La gente tiene el alma, muchas veces, mortalmente enferma, pero no lo saben o no lo quieren saber a ciencia cierta, porque están -como muchos de nosotros estábamos antes- muertos a la vida antes de esta conversión, antes de darnos cuenta de la necesidad de tener a Cristo en nuestras vidas.
Por eso, me siguen maravillando las palabras del ciego de nacimiento que recuperó milagrosamente la vista:
“Una cosa sé, que habiendo sido ciego, ahora veo”
(Jn 9, 25),
les dice a los judíos que le preguntaban cómo podía haber recuperado la vista.
Podemos imaginar el impacto visual y emocional de alguien que nunca vio un amanecer o un precioso atardecer, ni las sorprendentes bellezas de la naturaleza.
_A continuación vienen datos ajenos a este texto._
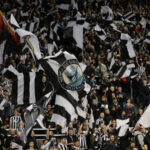 Newcastle urobte „prvý kontakt“ na podpísanie útočníka Premier League
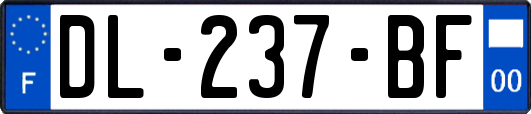 DL-237-BF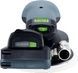 Акумуляторна ексцентрикова шліфувальна машинка ETSC 2 150 4.0 I-Plus&nbsp;Festool 577726 577726 фото 9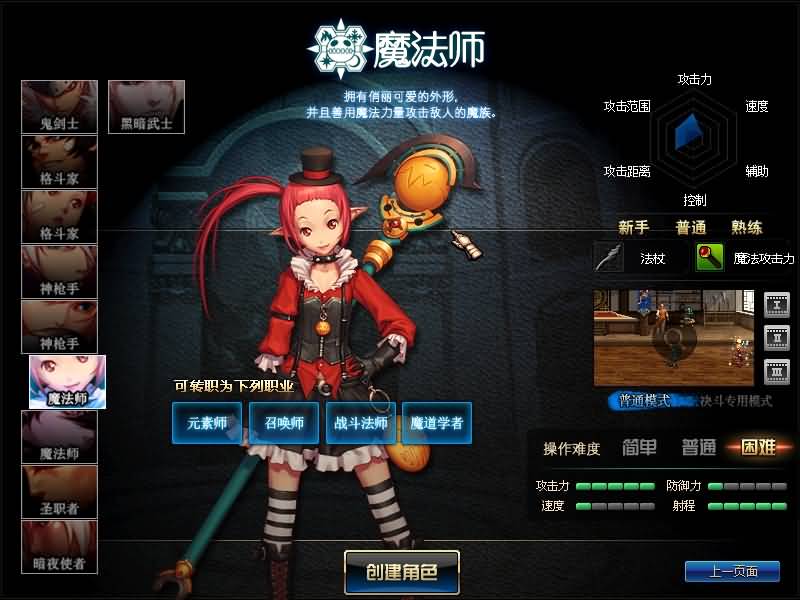 图片[8]源码下载-游戏源码下载-手机游戏源码下载-手机游戏服务端下载-服务端下载-游戏服务端下载-页游服务端下载-页游私服-端游私服-手游私服-游戏私服-网站源码下载-架设工具下载-私服下载【90普雷5.0最终版】【DOF】毒奶粉+一键服务端+版本+客户端+等级补丁+攻略+GM工具+花枝补丁+视频参考搭建教程源码下载-游戏源码下载-手机游戏源码下载-手机游戏服务端下载-服务端下载-游戏服务端下载-页游服务端下载-页游私服-端游私服-手游私服-游戏私服-网站源码下载-架设工具下载-私服下载久似妖气源码网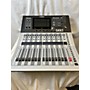 Used Yamaha Used Yamaha TF1 Digital Mixer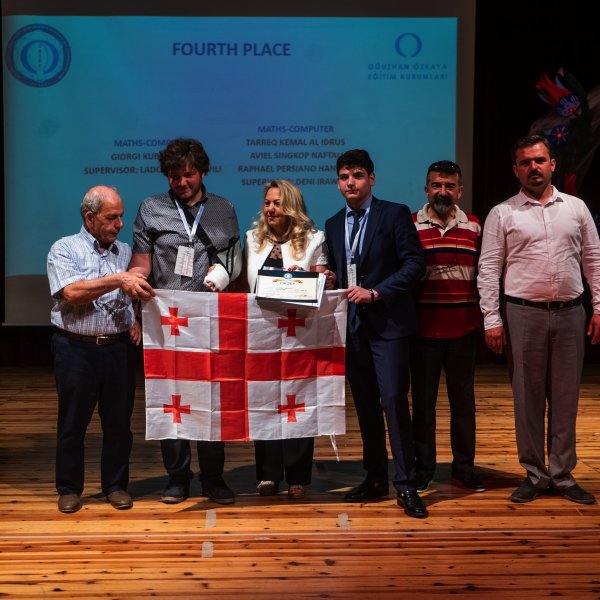 OKSEF 2019 Galeri-1943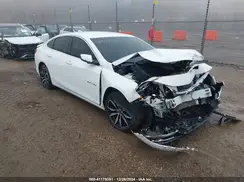 1G1ZG5ST9LF140971 2020 CHEVROLET MALIBU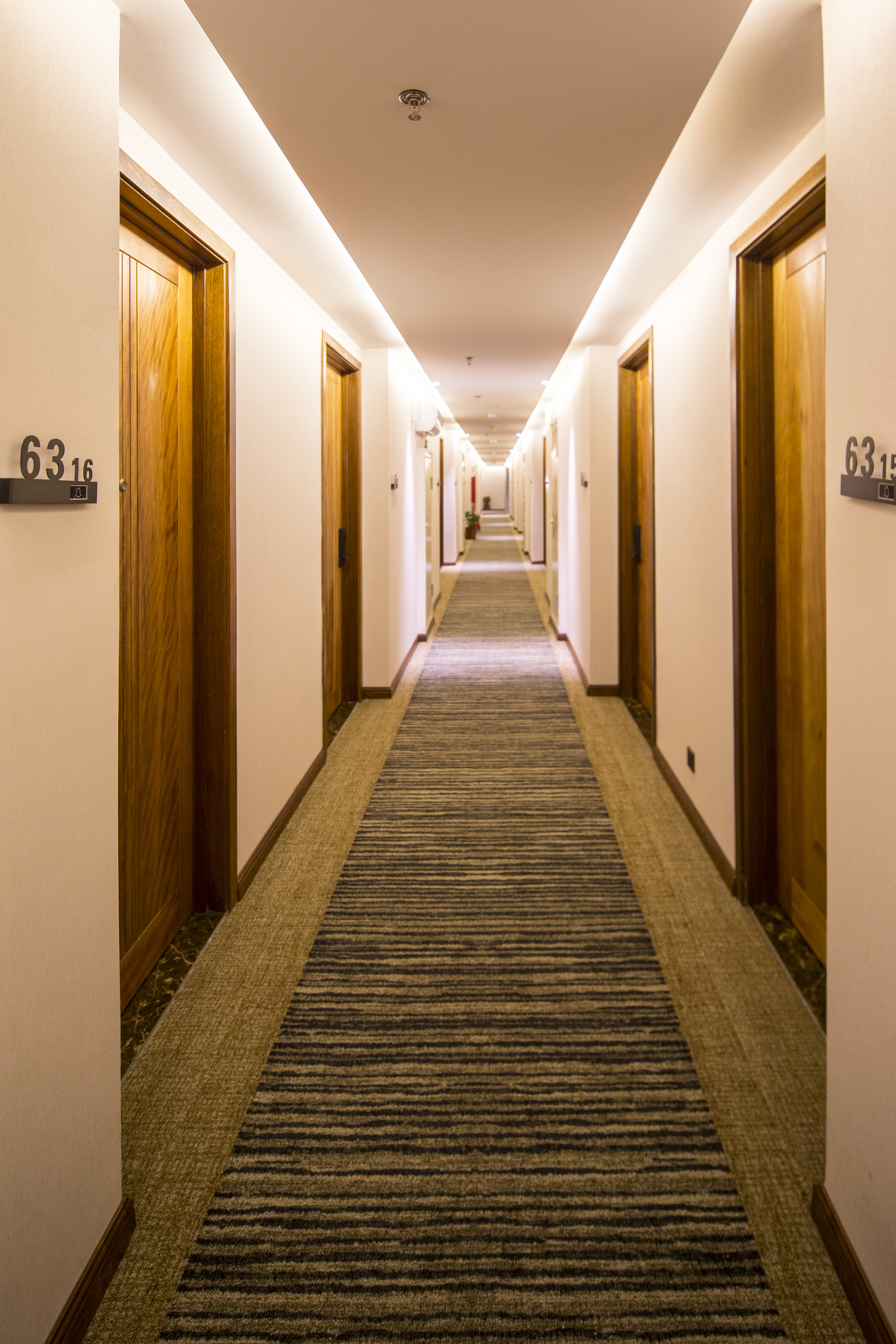 GreenTree Hotel (Tianjin Jinnan lingshijun University of Finance and Economics) 2*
Seguro que no podemos llegar a calibrarlo en toda su magnitud. Tal vez, nos podemos identificar, como en esos vídeos que decíamos antes, de esas personas que recuperan o que por primera vez tienen la opción de escuchar a su madre o ver colores o caminar…
¿CÓMO VEO A LOS DEMÁS?
¿Cómo veo y cómo percibo a la gente que está a mi alrededor? ¿Como árboles inertes o como preciosas almas creadas a la imagen y semejanza de Dios, que tanto les ama?
Por eso, la reflexión final, sin duda alguna es: ¿cuánto vale un alma para Dios? ¿Qué valor le otorga Dios a cada ser humano?
Y por contraste, debemos preguntarnos todos y cada uno de nosotros ¿cuánto valor le otorgo yo a cada ser humano que está a mi alrededor? ¿Les veo, siento, actúo como Jesús lo haría? O ¿miro hacia otra parte? ¿Cierro mi corazón y me quedo inmovilizado y recluido en mi pequeño mundo? ¡Que lo pensemos!
Señor Jesús, en este rato de oración, te pedimos que nos ayudes a limpiar bien los ojos para ver con tus ojos Señor. Que no nos quitemos estas cosas de nuestro corazón; al contrario, que veamos con claridad que los amas tanto, que tenemos que devolverles también todo el bien que podamos: a través de una predicación, a través de la ayuda material, a través de no pensar mal -por lo menos- de ellos, sino con tu infinito amor.
Vamos a pedirle estas cosas a santa María Virgen, ella es la más cariñosa de vista cuando les ve a sus hijos necesitados. A ella le pedimos que nos vuelva a nosotros también misericordiosos. Que aprendamos siempre a compadecernos de los demás para acercarles siempre a Dios con actitud positiva.